|The big ring. Big and smooth. Uhm... yeah.|
One of the guys I sometimes ride with mentioned the other day that he preferred riding in the big chainring as often as he could. Yes, part of it was vanity. But part of it was that he felt that the drivetrain felt smoother on the big ring than the small, even when the gearing was equivalent. He couldn't figure out why.
I'm not an engineer or a scientist, nor am I an artist (as you're about to see in the following diagrams), but I do have an explanation about why you feel smoother on the big ring. And no, it's not because you think you have impressive quads.

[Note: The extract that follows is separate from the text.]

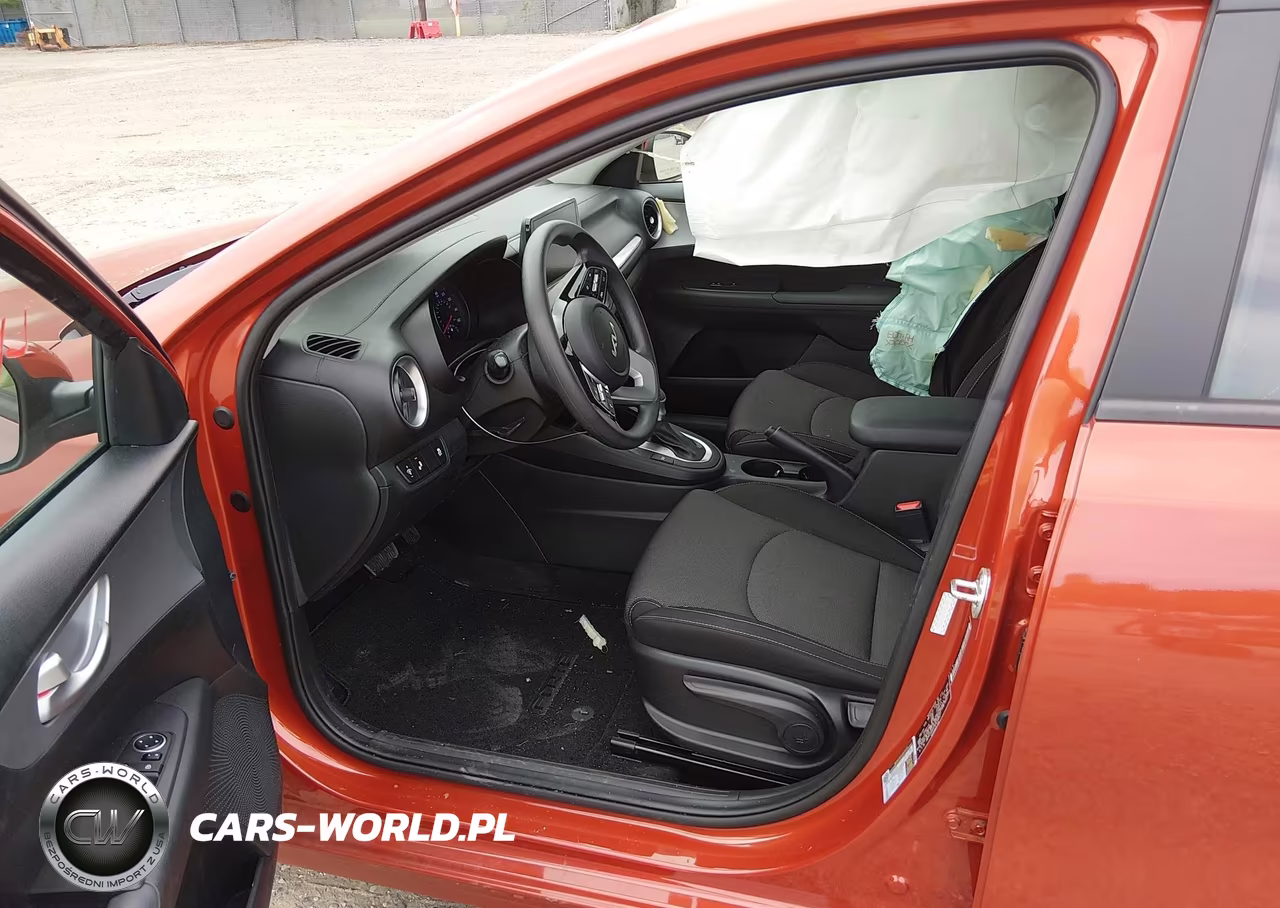 2023 Kia Forte Lxs VIN:3KPF24AD1PE623867 - 5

As the chain moves through the drivetrain, there are two mechanisms by which additional friction is generated. One way is by running the chain off its centerline so that the plates start to rub laterally against each other. This happens most often when you cross-chain (e.g. big ring/largest cog). This is something that many of us have noticed since the resistance in the chain is usually quite noticeable in that position.
The second way to increase friction in the chain is by decreasing the diameter of the chainring or cog that the chain runs through. Any easy way to start thinking about this is by understanding when the least friction is generated in a chain as it's being pulled along.
|Straight chain - least friction|
From a conceptual standpoint, a straight chain generates the least friction/resistance as it's being pulled length-wise, probably because there is the least amount of interaction between the links on the chain. On the other hand, when a chain is doubled back on itself in a tight loop and moved, there is a lot of resistance because the links and plates are rubbing against each other quite a bit. In particular, there is a lot of interaction at the point where the chain "turns".
|Tight turn - high friction|
Now obviously, these are extremes and the reality is that your chainrings and cogs fall somewhere in between. But assuming that the big chainring is more like a "straight chain" and a small chainring is more like a "doubled over chain", it is reasonable to think there is less friction and resistance on the big ring.
|Big ring (left) has less friction that small ring (right)|
Chainrings and cogs aren't the only place where the diameter of the chain movement makes a difference. In the tour last year, several riders (including Andy Schleck) used a modified Berner rear derailleur that had significantly larger pulleys. The idea was similar... increase the diameter to decrease friction and make the drivetrain smoother.
|Example of a Berner pulley|
So there you have it. Not only do you look like a stud in the big ring... you also look smooth. Your momma would be proud.